Keeping a purposive life

By Fr. Roy Cimagala

THAT’S what we should maintain in life. We need to develop a keen sense of the purpose of our life and keep it in play in every circumstance and situation of our life. Difficult? For sure. But we can always train ourselves for it.

We are reminded of this fact of life as we approach the end of the liturgical year which somehow signifies the end of life and the end of things in general. Thus, the gospel reading of the 33rd Sunday in Ordinary Time tells us of some signs of the end times and of the second coming of Christ who will judge us. (cfr. Mk 13,24-32)

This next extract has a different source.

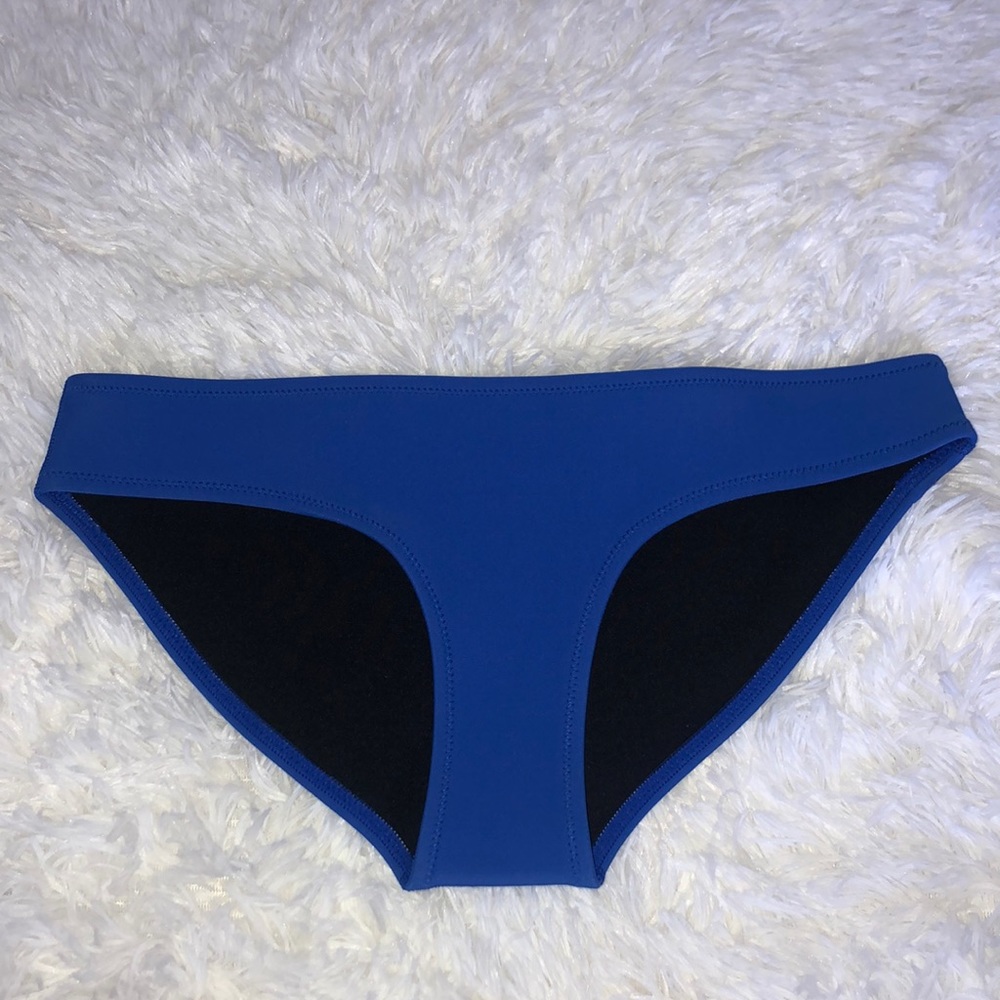 Authentic Triangl Bikini Bottom Sz S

Keeping a purposive life helps us to be realistic and to have a global picture of things, extricating us from our tendency to be easily trapped in some narrow and shallow understanding of our earthly life.

Especially these days when we are enjoying a flowering of technological developments that can easily put us into some silo or filter bubble, we need to have a higher sense of purpose.

Thing is we need to have a higher sense of purpose to truly make use of these technological marvels. I’m afraid that without this clear sense of purpose, more elevated than the usual practical level, we would end up wallowing more deeply in our own world, increasingly insensitive to the ultimate dimension of our life, which is spiritual, moral and supernatural.

In fact, this wallowing phenomenon is what we are seeing these days in the electronic world. What begins as humanly valid practical uses sooner or later deteriorates into inhuman, sinful modes if not animated properly by spiritual and moral values.

There are now a lot of inanities circulated around electronically. Subtle and even open forms of human moral anomalies like vanity, envy, sensuality, greed, egoism, etc., are having a field day in this arena.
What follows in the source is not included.